Because of natural isomorphism

$$\hom_\Lambda(A,C) = \hom_\Gamma(A_{(\varphi)},C),$$ where $A_{(\varphi)} = A\otimes_\Lambda \Gamma$, we only need to prove that $A_{(\varphi)}$ is an exact functor in $A$. It follows that $\hom_\Gamma(-_{(\varphi)},C) = \hom_\Lambda(-,C)$ is exact, therefore $C$ is $\Lambda$-injective. We already know that $A_{(\varphi)}$ is right exact, all that is left is to show that $i:A'\to A$ injective implies that $$i\otimes \Gamma: A'\otimes_\Lambda \Gamma\to A\otimes_\Lambda \Gamma$$ is injective using the fact that $\Gamma$ is $\Lambda$-projective.

Answer 1

Maybe it's helpful to explain the general principle here, because it is likely that you will encounter statements like this in many other contexts as well:

If a functor $U:{\mathscr A}\to{\mathscr B}$ between abelian categories has an exact left adjoint, then it preserves injectives. This applies to the forgetful functor $U: \Gamma\text{-Mod}\to\Lambda\text{-Mod}$ here, since its left adjoint $(-)_{(\varphi)} := \Gamma\otimes_\Lambda -$ is exact if $\Gamma$ is $\Lambda$-projective (and in fact, flatness would suffice, as user26857 said).

The dual of this statement (which is now really a formal consequence and need not be reproven) is: If $U:{\mathscr A}\to{\mathscr B}$ has an exact right adjoint, then is preserves projectives. This applies to $U$ and its right adjoint $\text{Hom}_\Lambda(\Gamma,-)$, which is exact if and only if $\Gamma$ is $\Lambda$-projective.

Also, note that relative projectivity and injectivity can be formalized in this generality: given $U: {\mathscr A}\to{\mathscr B}$ exact, call $X\in{\mathscr A}$ $U$-injective or $U$-projective if it is injective resp. projective relative to all monomorphisms resp. epimorphisms in ${\mathscr A}$ that split upon application of $U$. Then any ${\mathscr B}$-injective/projective object that is also $U$-injective/projective is also ${\mathscr A}$-projective/injective.

Answer 2

This is just a proof of the last thing you wrote.

Since $\Gamma$ is $\Lambda$-projective, $\Lambda^n \simeq \Gamma \oplus \Gamma'$ for some $n$ (possibly infinite).

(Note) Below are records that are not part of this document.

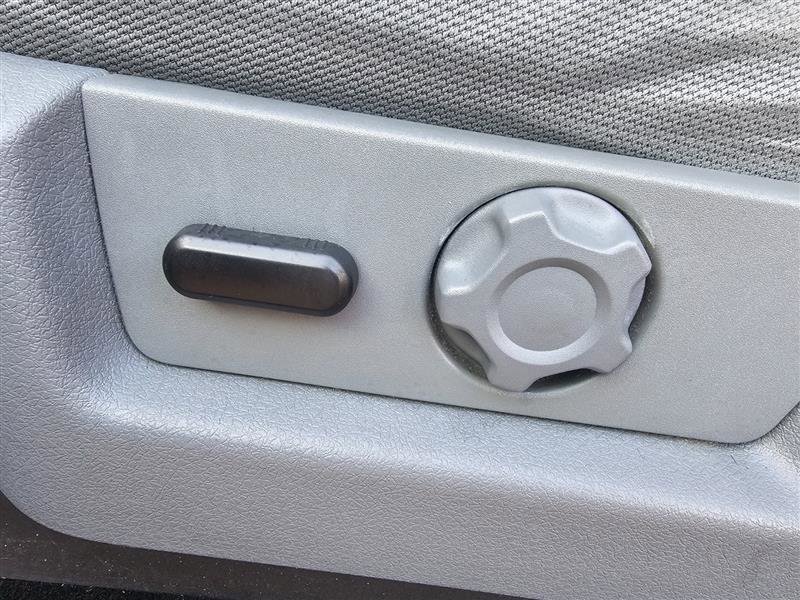 Used 2012 Ford F150 XLT w/ XLT Chrome Pkg image 17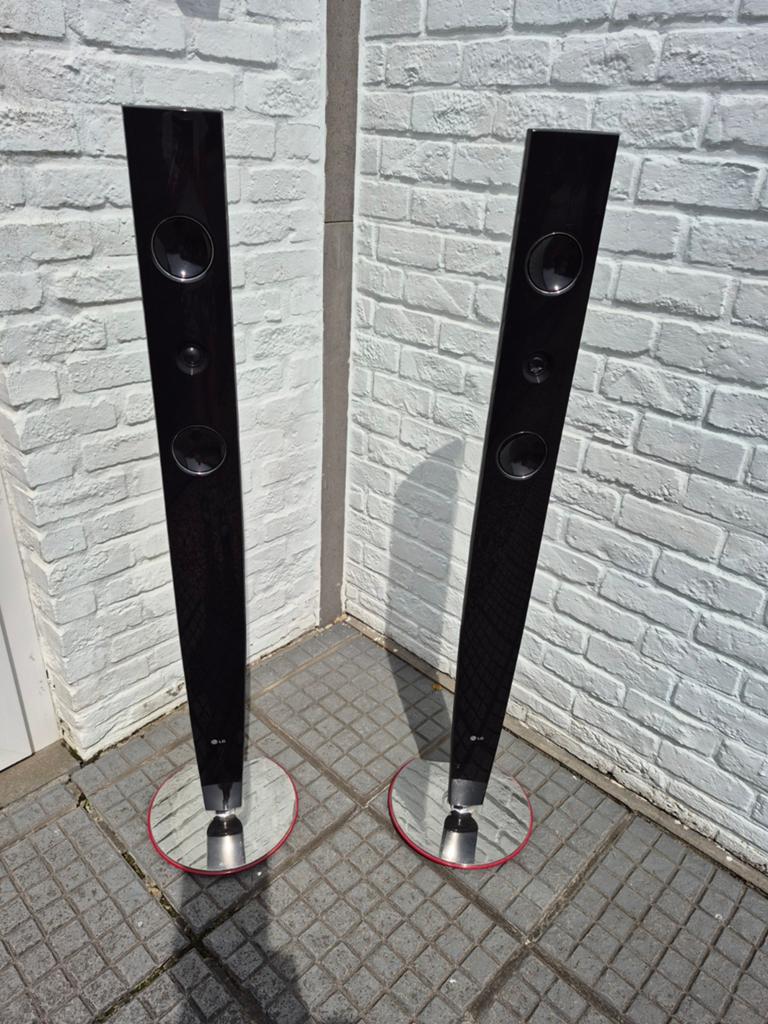 2 x LG HOME CINEMA  Luidsprekers., Ophalen, Gebruikt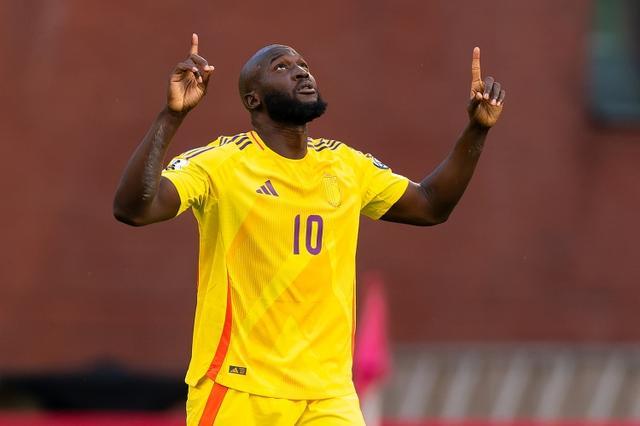 卢卡库：我们本该在2018年捧起大力神杯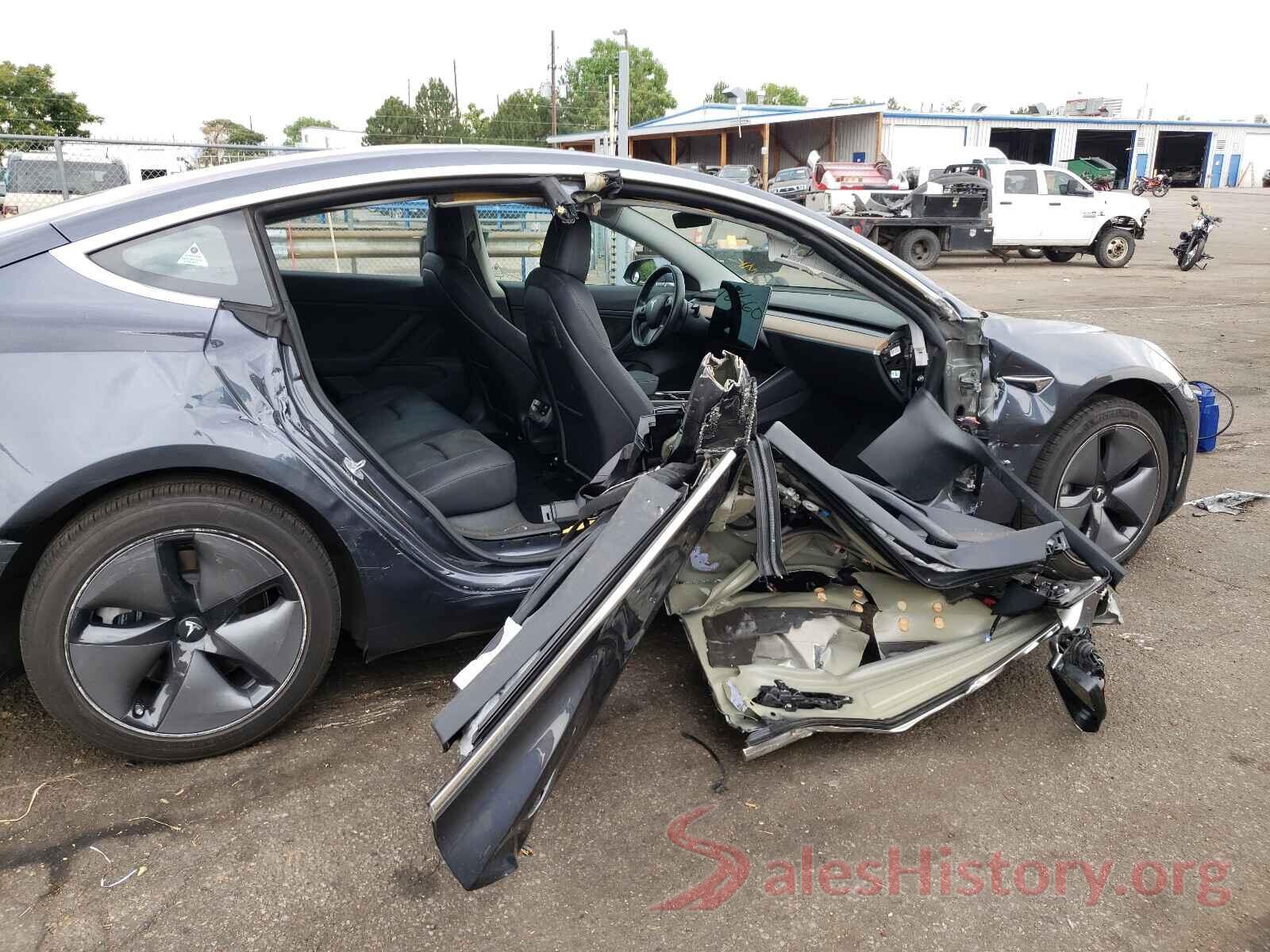 5YJ3E1EAXJF016537 2018 TESLA MODEL 3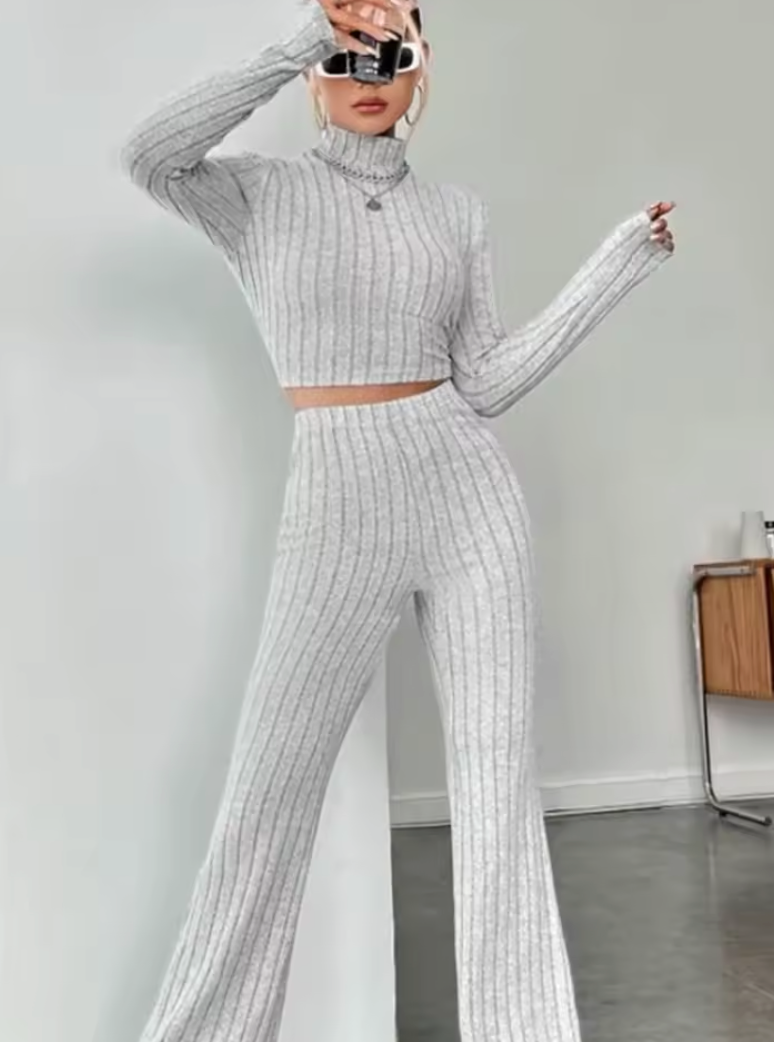 Ensemble Haut Col Montant Nombril et Pantalon Évasé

Thus considering $\Gamma$ as a sub-module of $\Lambda^n$, $i\otimes \Gamma$ is the restriction to $A'\otimes_\Lambda \Gamma$ of the map $i \otimes A^n: A'\otimes_\Lambda \Lambda^n \rightarrow A\otimes_\Lambda \Lambda^n$. This map is naturally identified with $i^{\oplus n}: (A')^n \rightarrow A^n$, which is injective if $i$ is. Hence its restriction to $A' \otimes_\Lambda \Gamma$ is also injective.